Getting To Know You

It occurred to me that while all the pieces I create have detailed narratives, in my 8 plus years of blogging I haven’t voiced the finer points of my own narrative; the story of how I came to be the artist I am, making the work I currently make.

I thought it might be fun to share a bit of personal mythology with you.

As A Child I Was Always Trying To Be Something Else

More often than not I was sampling an animal of one type or another – princesses and pretend mommies held no interest for me. A bit of a tom-boy, I was more likely to hang out with the lads in my ‘hood, catching bugs and looking for snakes out in the field than staying inside and dishing dolls with the girly-girls.

Don’t get me wrong, I had a fair collection of Barbie’s. But if I had the choice between playing primly with my dolls or hand feeding a cricket to a praying mantis, the primal, cricket carnage won out. Every time.

I Have Two Vivid Memories Of Role-Playing

Here are two very distinct, primary school memories of role-playing and the detailed extent to which I took them.

When I was five or six I possessed a long-sleeved, one-piece zip, herringbone-patterned, butt-flap bottomed Dr. Denton pyjama in two-tone green that inspired the budding mantis inside me.

Wearing my pj’s, I would go down to our partly finished basement that functioned as a playroom and I would quietly and patiently manoeuvre in the way I’d watched mantises move: slowly rotating my head, arms crooked and legs bent, swaying gently from side to side. Suddenly I would spot my unsuspecting prey, seize it violently with my spiked forearms, and attack it with my mandibles.

From my How To Be... series, How To Be A Praying Mantis. This series is the most obvious in its allusion to what I like to call identity-renting.

From my How To Be… series, How To Be A Praying Mantis.

Yup, that was me, chewing on a pillow grasped between my hands and forearms, performing very precisely choreographed movements based on what I had obsessively observed.

Performing not in front of an audience, mind you. Just for myself.

[I was an odd kid.]

[I’m still pretty odd…and damn grateful for that.]

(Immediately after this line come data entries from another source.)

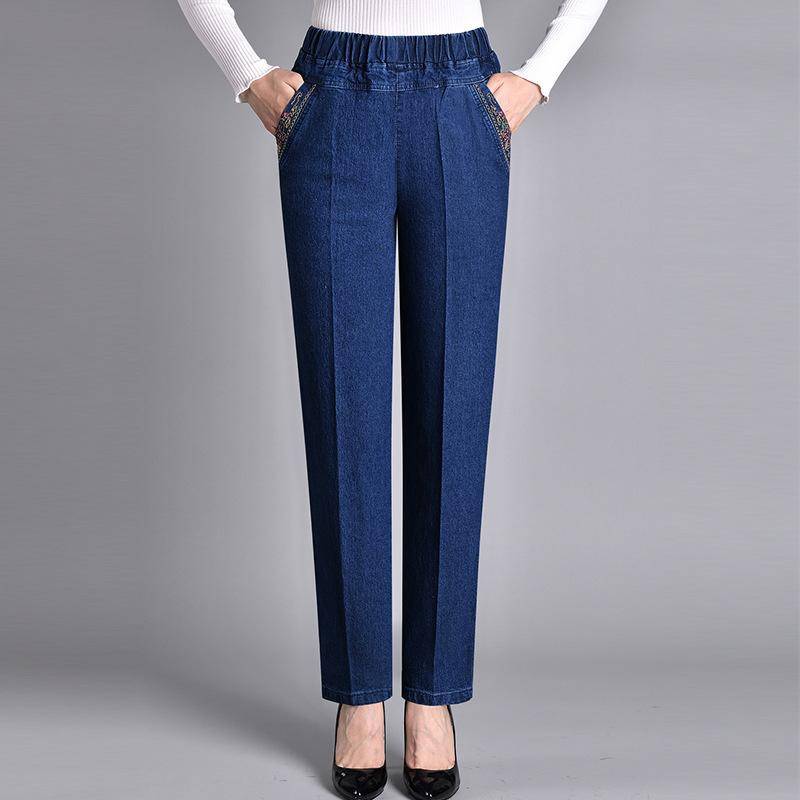 Damen Lockerer Elastischer Bund Stretch Mutterhose Frühling und Herbst Jeans Lässig Hohe Taille Mittelalterlich und Älter Plus Samt Dunkel Damen Hose XXXXXL von Joom DACH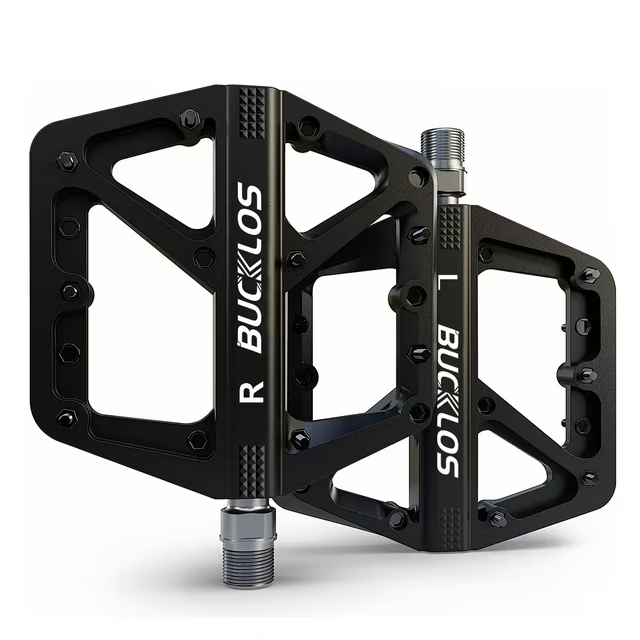 A pair of Tampa Bay eBikes Pedals - Color Splash, labeled "R" and "L," featuring an ergonomic design with metal platforms, cutout details, and threaded axles.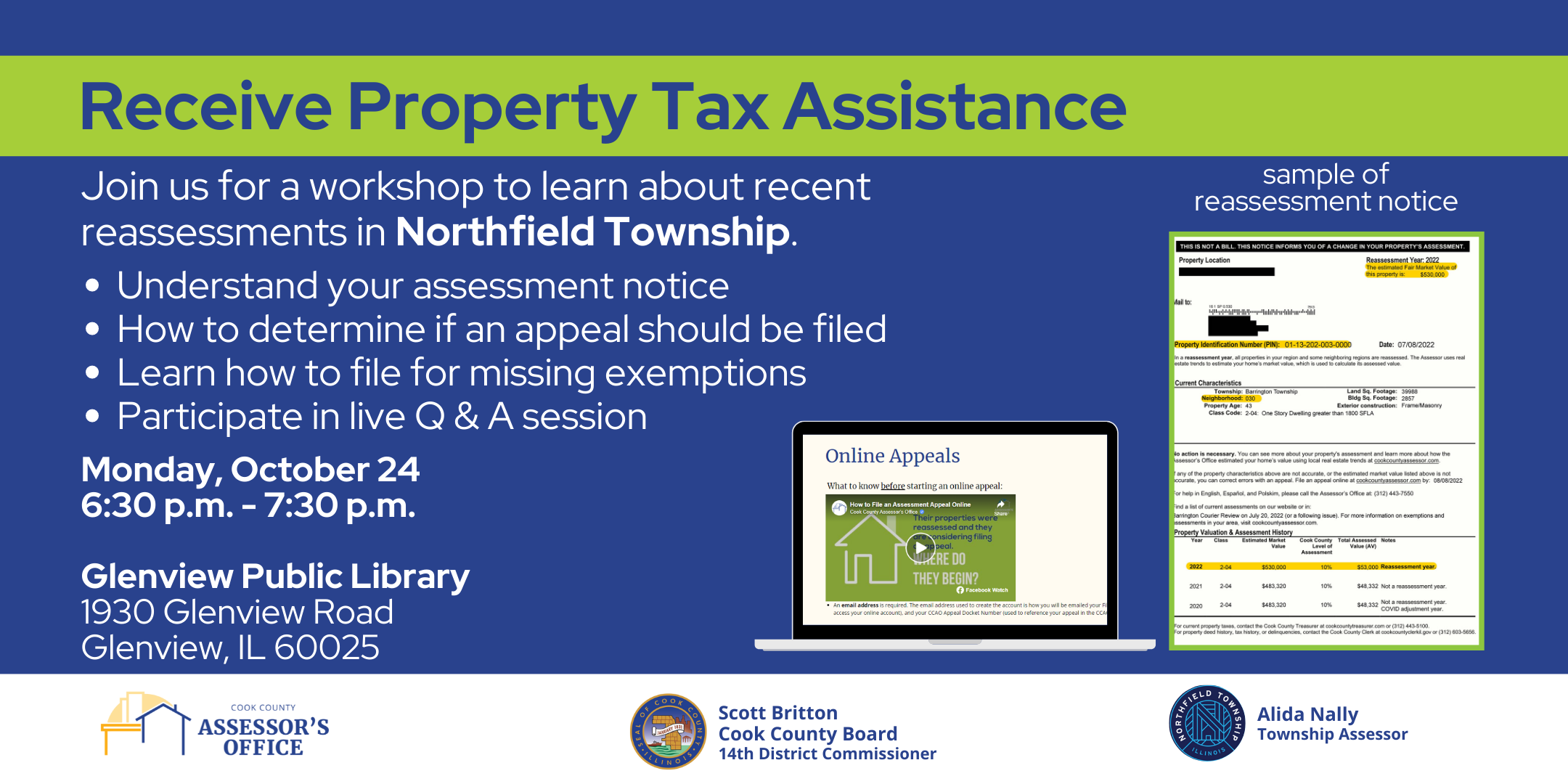 Property tax assessment workshop northfield township october 24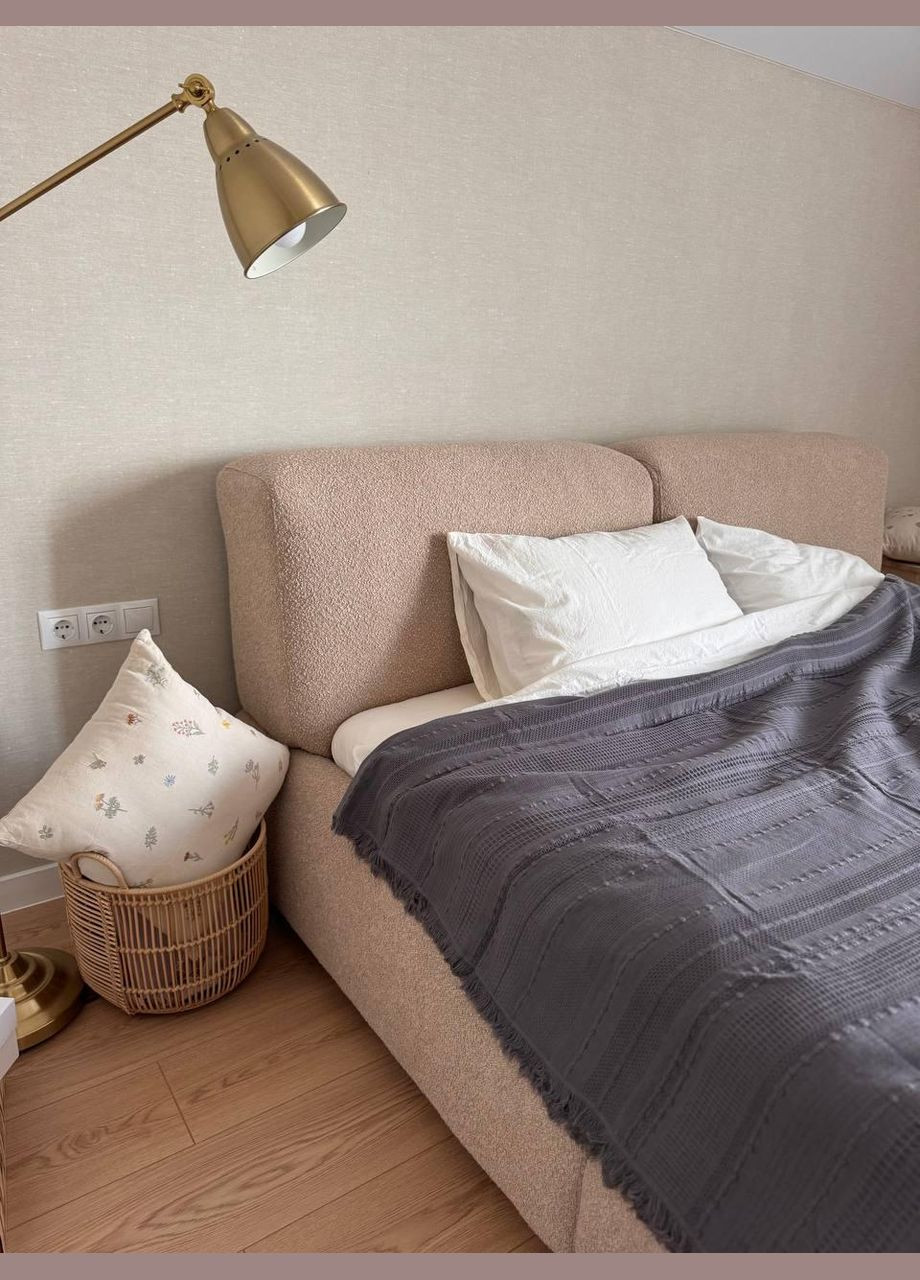 Турецький бавовняний плед євро піке 220х240 графіт (П4К-A-turkish-001-03) No Brand (308754385)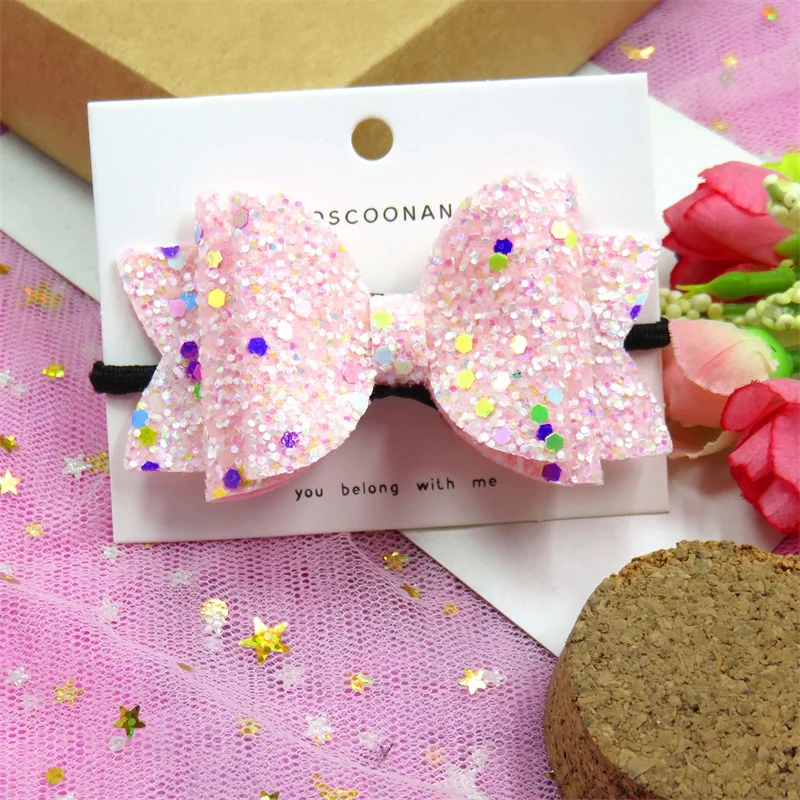 1 шт. милые светящиеся эластичные резинки для волос с блестками девочек банты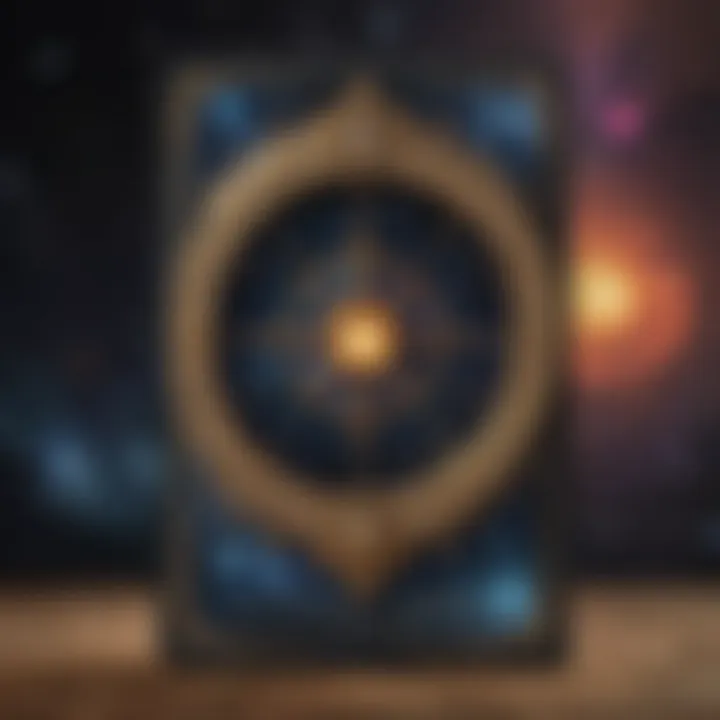 The Universe tarot card displayed against a starry background, symbolizing cosmic connection.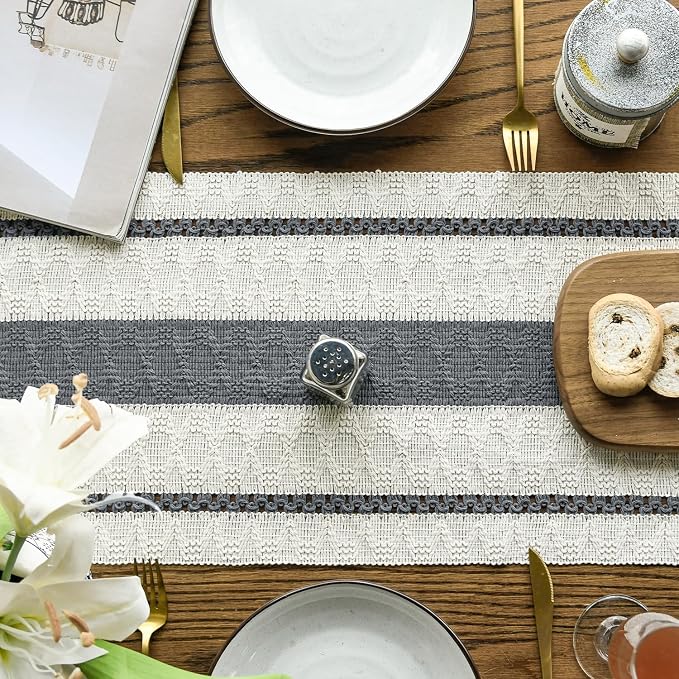 Artoid Mode Dark Green Rustic Woven Table Runner 12x36 Inch | Holiday Farmhouse - Image 3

I Need To Confess That I Owned A Second Pair Of Dr. Denton’s

Yes, a second pair of herringbone patterned one-piece zip, butt-flap bottomed pyjama. This one was two-tone orange and functioned entirely differently.  In this pajama, I was The Cat.

I had examined the family cat very studiously as he ate. I noted how he would take some dry kibble into his mouth, crunch it with his back molars, eyes slightly squinted, a few broken bits of kibble falling back onto the food plate as he chewed with his mouth open.

My mother, god love her, obliged me when I asked her to set a plate of saltines down on the floor so I could eat my snack like the cat. Which I did.  On all fours.  Very convincingly.  Picking up the crackers with my mouth, I let bits of saltine falling back to the plate as I mimicked Fluffy’s chewing actions, eye-squint and all.

Forty years later, I’m still compulsively trying on what I’m observing in the world and replicating it in obsessive detail. The only thing that has changed is that I’m role-playing with self-made multiples in my studio instead of acting alone in my parents’ basement.

If I would have been an extrovert and less terrified of speaking in public, I might have gone into the theatre and become an actor. As a creative introvert, I studied fine arts and ended up conceiving an art practice where I continue to role-play in a more indirect way – through a growing cast of both 2-D and 3-D characters.

Doing What You’re Inherently Meant To Do

I’ve heard it said that if you want to know what it is you are meant to do in your adult life, look back to what you were choosing to do when you were five years old; that magical time before self-conscious censoring and adolescent awkwardness knocks your confidence and purpose out of you.

It certainly rings true in my case – I knew then what I would be happiest doing.

But I didn’t always stay on the path that I had loved when I was young.  I “grew-up”.  Took divergent routes.  Applied for jobs that didn’t fulfill me (trust me, these were not the roles I wanted to play).  It can take a while to circle back around to what your primary objective is, but turn left enough times and you’ll eventually end up back where you started.

Lucky for me – I’m so thankful I got to return to my role-playing, critically observant self.

What I’m Curious About Right Now Is YOUR Mythology

What were you doing when you were five?  Is your current passion similar to what you were passionate about when you were a child?